Opinión
Un atentado musical a la tranquilidad
Hace pocos días, llegué a casa después de una jornada de trabajo extenuante. Eran las 7 o quizás las 8, no recuerdo, pero definitivamente, estaba en la cama a las 9, con mi pijama y mi librito de oraciones para despedir el día de la mejor manera. Recuerdo incluso que le di el tradicional beso a mi esposa para desearle una buena noche y dulces sueños. Y luego apagué la luz.
Pasaron diez minutos, tuve tiempo de dar cuatro vueltas en la cama, antes de que se estacionara delante del edificio en el que vivo un carro audio, o dicho de otra manera, una discoteca ambulante.
De inmediato sentí la cama moverse y saltar de un lado a otro. Mi mujer creyó que había un terremoto en Valledupar. Sus ojos salieron de su órbita al sentir cómo las paredes temblaban con cada pulso rítmico.
La mesita de noche, los muebles de la casa, todo se movía y, lo peor de todo, era que yo podía escuchar cómo carajo los dueños del carro cantaban y reían en la calle.
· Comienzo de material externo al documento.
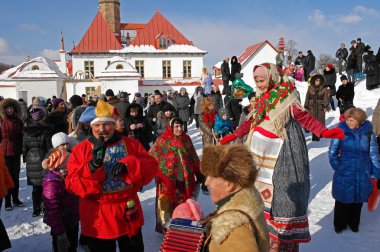 Gatchina, Leningrad region, Rusya Federasyonu - 5 Mart 2011: geleneksel Rus tatil Maslenitsa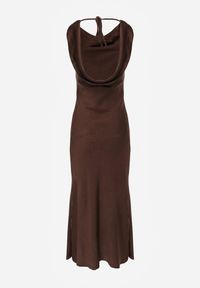 Renee - Brązowa Sukienka Slip Dress z Dekoltem Woda i Wiązaniem z Tyłu Atintina. Typ kołnierza: dekolt woda. Kolor: brązowy. Długość rękawa: na ramiączkach. Styl: elegancki #5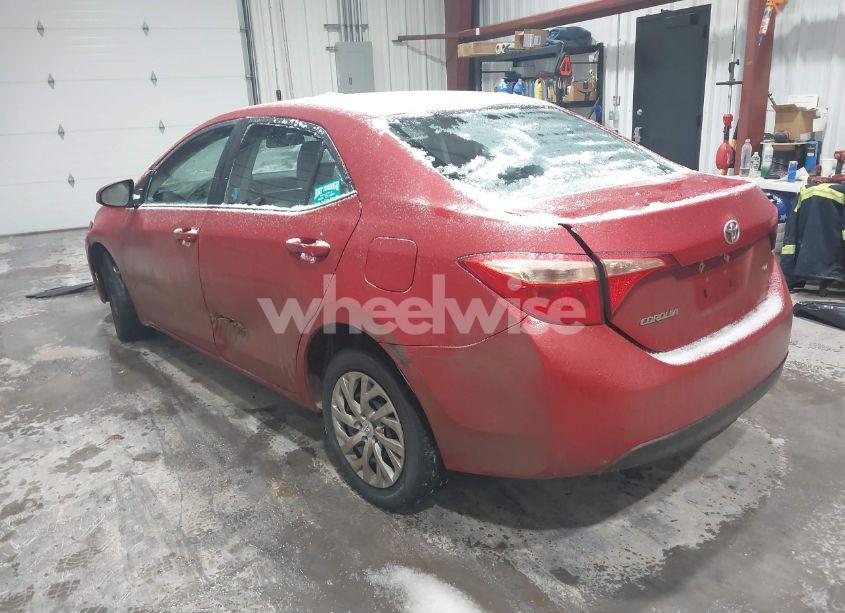 Photo 3 of 2019 Toyota Corolla LE (VIN 2T1BURHE6KC169529)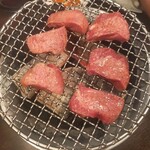 炭火焼肉 貴仙 - 牛タン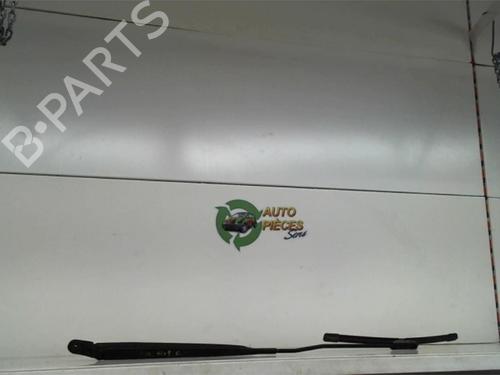 Used Front windshield wiper arm RENAULT CLIO III (BR0/1, CR0/1) 1.5 dCi (C/BR0G, C/BR1G) (68 hp) 25415700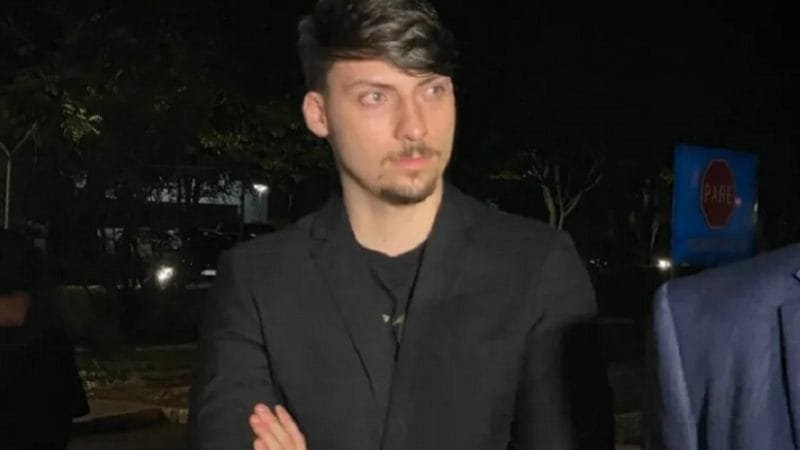 Polícia do DF indicia filho de Bolsonaro em esquema de fraudes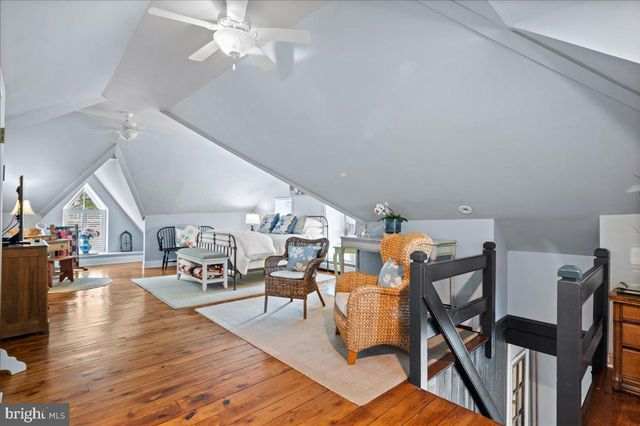 2996 N SUGAN RD, Solebury, PA 18963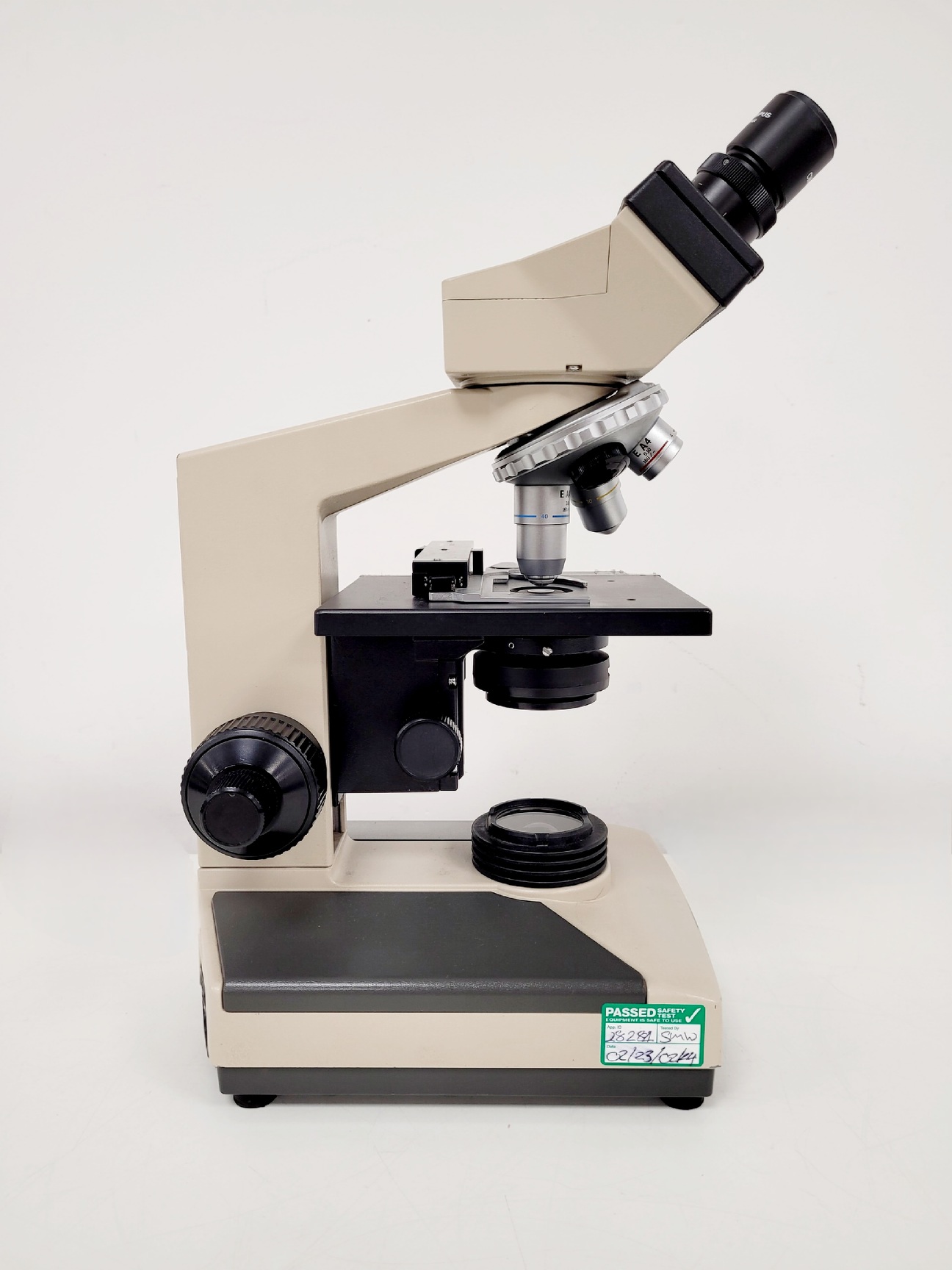 Image of Olympus CH2 CHT Binocular Laboratory Microscope with 3 x Objectives Lab
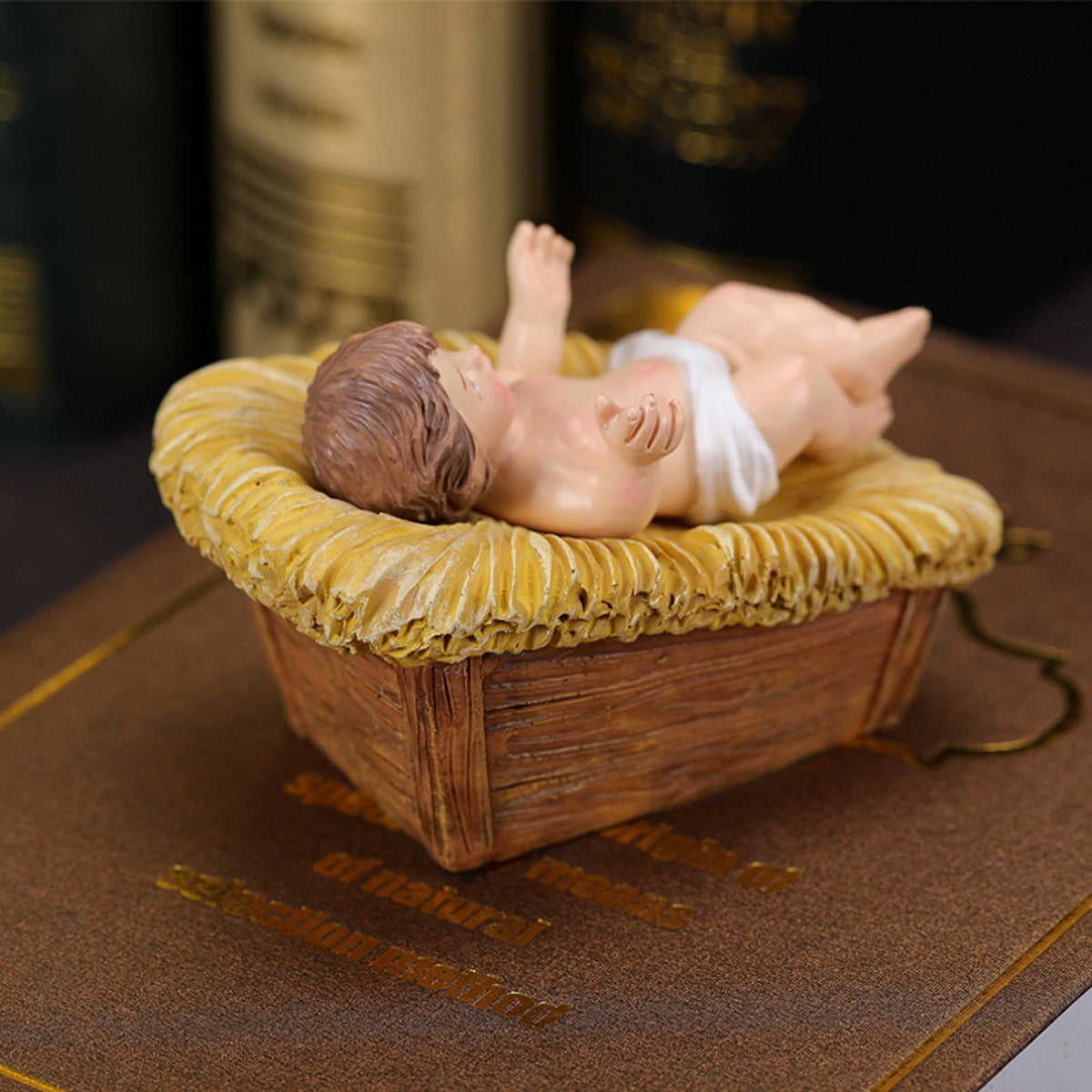 EWSFHUI Nativity Scene Ornament of Baby Jesus, Baby Jesus Christ in Manger Resin Figurines, Nativity Scene for Christmas Indoor -A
Aguanté unos minutos hasta que me harté de bailar en la cama. Entonces me alcé, encendí la luz y fui a la sala para ver qué ocurría y comprobé que estaban dos carros parados en la calle de enfrente, a tan solo una veintena de metros, regalando música vallenata y chispún a todo timbal.
No tengo nada en contra de la fiesta y las expresiones de alegría, pero me pareció escandaloso que un grupito de jóvenes decidiera montar su discoteca al lado de una zona residencial y que, además lo hicieran sin ningún reparo, tomando aguardiente y ron, dejando los envases en el suelo, soltando un “Ay hombe” y carcajadas a cada instante, y bailando como si se fuera acabar el mundo (que, de hecho, no se acabó).
Mi esposa llegó más tarde, con una mueca de espanto y, sin esperar que dijera nada, cogí el teléfono y llamé a la policía. Me atendió un joven que se apresuró a decirme que mandaba una patrulla, pero nunca vimos nada.
Veinte minutos más tarde, esos pelaos seguían bailando y brincando, tomándose fotos con los Blackberry y gritando. No sé porqué pero sentí que habían intensificado su fiesta al ver que nadie hacía nada.
No parecían entender que la tranquilidad es un derecho y que las discotecas son el mejor lugar para bailar. No entiendo qué satisfacción puede sentir una persona al mostrar que ha gastado todo su dinero en un equipo de música, y que tal vez no tenga para comer la semana siguiente, porque casos como estos no son raros.
El carro audio es un atentado a la convivencia y a la armonía. Y más cuando las autoridades deciden no actuar y se convierten de repente en cómplices. Porque también tuve la oportunidad, en otras ocasiones, de observar a los cuadrantes y ver cómo algunos se mantienen en la esquina siguiente escuchando la música y divirtiéndose con las ocurrencias de los que beben delante de nuestra casa.
Y ahora que Valledupar se ha convertido en un escenario predilecto para acoger a los carros audios, ¿cómo haremos nosotros para dormir?